Data for the task:
::::::::::
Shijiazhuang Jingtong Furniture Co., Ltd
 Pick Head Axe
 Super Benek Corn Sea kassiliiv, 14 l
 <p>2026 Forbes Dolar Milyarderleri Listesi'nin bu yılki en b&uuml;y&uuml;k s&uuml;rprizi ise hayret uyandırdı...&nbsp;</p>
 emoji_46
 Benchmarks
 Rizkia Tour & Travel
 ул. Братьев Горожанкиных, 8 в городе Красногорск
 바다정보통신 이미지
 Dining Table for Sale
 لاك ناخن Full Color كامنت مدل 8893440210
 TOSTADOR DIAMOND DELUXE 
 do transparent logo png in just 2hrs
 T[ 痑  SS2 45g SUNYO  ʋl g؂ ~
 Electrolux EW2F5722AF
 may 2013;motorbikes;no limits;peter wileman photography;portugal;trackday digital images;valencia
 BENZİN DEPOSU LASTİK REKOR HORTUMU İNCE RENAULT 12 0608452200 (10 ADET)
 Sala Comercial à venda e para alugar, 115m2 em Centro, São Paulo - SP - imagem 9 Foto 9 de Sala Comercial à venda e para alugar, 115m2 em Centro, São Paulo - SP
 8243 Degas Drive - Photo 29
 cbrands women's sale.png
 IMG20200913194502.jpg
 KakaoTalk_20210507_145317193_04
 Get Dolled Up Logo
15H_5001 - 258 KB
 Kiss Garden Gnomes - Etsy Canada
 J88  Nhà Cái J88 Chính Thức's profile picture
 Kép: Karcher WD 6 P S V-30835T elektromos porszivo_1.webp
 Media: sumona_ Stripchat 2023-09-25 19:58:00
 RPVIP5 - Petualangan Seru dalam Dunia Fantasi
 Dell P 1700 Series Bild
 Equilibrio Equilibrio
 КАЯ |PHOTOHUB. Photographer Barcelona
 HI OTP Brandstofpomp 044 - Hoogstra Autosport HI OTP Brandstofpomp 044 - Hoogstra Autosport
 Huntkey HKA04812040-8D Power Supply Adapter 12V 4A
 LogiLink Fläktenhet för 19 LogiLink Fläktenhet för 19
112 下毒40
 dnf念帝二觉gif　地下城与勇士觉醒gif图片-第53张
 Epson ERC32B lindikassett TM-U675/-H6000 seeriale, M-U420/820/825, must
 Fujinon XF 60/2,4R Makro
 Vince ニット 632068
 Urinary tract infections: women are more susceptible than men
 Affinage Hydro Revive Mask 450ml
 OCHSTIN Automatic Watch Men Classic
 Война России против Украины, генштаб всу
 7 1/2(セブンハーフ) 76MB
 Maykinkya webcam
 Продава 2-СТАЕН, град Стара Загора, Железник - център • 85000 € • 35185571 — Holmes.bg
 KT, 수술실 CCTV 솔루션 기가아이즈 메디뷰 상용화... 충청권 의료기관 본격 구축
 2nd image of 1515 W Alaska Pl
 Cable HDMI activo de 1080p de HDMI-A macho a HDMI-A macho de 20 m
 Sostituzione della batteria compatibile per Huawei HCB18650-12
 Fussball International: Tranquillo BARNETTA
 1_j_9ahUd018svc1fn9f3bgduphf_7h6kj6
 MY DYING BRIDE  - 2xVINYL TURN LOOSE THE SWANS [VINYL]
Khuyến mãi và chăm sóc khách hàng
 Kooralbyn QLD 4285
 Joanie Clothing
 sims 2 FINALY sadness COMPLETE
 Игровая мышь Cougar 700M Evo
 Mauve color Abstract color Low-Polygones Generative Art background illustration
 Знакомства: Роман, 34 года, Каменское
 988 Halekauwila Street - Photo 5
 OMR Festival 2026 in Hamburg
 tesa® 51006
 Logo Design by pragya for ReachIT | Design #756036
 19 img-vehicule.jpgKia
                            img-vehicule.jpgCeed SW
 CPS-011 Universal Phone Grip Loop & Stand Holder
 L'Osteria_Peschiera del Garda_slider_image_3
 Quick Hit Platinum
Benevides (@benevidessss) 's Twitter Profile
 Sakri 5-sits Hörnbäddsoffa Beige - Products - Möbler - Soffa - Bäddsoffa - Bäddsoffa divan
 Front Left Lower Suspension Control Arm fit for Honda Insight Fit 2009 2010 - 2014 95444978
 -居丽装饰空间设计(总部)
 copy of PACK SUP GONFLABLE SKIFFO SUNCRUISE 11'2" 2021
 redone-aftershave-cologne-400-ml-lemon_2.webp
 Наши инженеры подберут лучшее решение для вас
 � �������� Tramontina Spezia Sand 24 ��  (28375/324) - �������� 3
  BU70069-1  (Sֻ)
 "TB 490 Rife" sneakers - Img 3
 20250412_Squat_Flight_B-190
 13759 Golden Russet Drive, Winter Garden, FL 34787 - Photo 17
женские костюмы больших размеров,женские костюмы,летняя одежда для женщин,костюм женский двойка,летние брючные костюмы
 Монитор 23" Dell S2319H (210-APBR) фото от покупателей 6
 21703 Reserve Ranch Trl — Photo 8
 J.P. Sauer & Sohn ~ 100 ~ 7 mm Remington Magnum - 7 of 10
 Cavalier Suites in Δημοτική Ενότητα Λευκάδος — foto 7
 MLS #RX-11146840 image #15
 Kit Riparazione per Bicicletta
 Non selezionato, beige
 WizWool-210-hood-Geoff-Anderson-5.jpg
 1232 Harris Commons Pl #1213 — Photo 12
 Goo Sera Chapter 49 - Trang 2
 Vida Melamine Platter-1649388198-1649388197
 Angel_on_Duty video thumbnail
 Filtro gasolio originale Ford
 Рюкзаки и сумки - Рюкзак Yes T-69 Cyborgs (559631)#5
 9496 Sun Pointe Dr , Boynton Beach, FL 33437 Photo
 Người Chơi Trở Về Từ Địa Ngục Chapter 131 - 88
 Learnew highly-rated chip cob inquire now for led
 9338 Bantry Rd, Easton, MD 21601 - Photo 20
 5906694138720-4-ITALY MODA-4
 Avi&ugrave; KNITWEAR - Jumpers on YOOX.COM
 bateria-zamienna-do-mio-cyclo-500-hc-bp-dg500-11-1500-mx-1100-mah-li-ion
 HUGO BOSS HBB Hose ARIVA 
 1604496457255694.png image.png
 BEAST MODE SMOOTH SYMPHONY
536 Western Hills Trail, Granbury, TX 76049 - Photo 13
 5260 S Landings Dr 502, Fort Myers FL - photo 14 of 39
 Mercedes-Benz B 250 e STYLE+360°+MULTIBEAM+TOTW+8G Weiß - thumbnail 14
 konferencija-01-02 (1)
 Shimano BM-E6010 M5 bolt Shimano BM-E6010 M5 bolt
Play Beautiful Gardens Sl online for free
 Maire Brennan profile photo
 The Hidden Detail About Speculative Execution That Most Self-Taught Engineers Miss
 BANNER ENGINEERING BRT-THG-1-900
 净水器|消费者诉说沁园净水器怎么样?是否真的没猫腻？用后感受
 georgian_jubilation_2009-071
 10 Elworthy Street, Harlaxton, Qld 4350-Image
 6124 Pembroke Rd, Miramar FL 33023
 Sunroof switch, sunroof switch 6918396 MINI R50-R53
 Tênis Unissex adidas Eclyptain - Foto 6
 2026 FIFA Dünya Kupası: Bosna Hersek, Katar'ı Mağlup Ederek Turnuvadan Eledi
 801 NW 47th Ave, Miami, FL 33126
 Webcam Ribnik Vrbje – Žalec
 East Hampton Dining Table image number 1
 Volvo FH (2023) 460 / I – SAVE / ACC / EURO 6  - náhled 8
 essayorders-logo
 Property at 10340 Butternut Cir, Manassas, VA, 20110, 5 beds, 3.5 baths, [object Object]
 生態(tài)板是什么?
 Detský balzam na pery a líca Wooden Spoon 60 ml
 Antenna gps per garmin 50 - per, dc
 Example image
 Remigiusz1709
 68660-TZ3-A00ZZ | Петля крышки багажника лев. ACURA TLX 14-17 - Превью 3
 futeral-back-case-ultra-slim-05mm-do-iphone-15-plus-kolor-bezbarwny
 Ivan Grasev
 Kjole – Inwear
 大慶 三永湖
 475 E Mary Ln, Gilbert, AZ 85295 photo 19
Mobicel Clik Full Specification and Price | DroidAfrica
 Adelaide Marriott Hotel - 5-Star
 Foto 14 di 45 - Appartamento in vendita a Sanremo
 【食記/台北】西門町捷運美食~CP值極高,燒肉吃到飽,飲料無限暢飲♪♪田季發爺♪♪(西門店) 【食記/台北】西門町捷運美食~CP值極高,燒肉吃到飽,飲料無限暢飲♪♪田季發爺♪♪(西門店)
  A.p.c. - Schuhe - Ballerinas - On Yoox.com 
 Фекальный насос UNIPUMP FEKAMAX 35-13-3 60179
::::::::::
Work order:
Repeat, exactly as they stand above, the lines from the line with "Front Left Lower" to the line with "21703 Reserve Ranch Trl — Photo 8", both lines included.

Solution for this problem:
 Front Left Lower Suspension Control Arm fit for Honda Insight Fit 2009 2010 - 2014 95444978
 -居丽装饰空间设计(总部)
 copy of PACK SUP GONFLABLE SKIFFO SUNCRUISE 11'2" 2021
 redone-aftershave-cologne-400-ml-lemon_2.webp
 Наши инженеры подберут лучшее решение для вас
 � �������� Tramontina Spezia Sand 24 ��  (28375/324) - �������� 3
  BU70069-1  (Sֻ)
 "TB 490 Rife" sneakers - Img 3
 20250412_Squat_Flight_B-190
 13759 Golden Russet Drive, Winter Garden, FL 34787 - Photo 17
женские костюмы больших размеров,женские костюмы,летняя одежда для женщин,костюм женский двойка,летние брючные костюмы
 Монитор 23" Dell S2319H (210-APBR) фото от покупателей 6
 21703 Reserve Ranch Trl — Photo 8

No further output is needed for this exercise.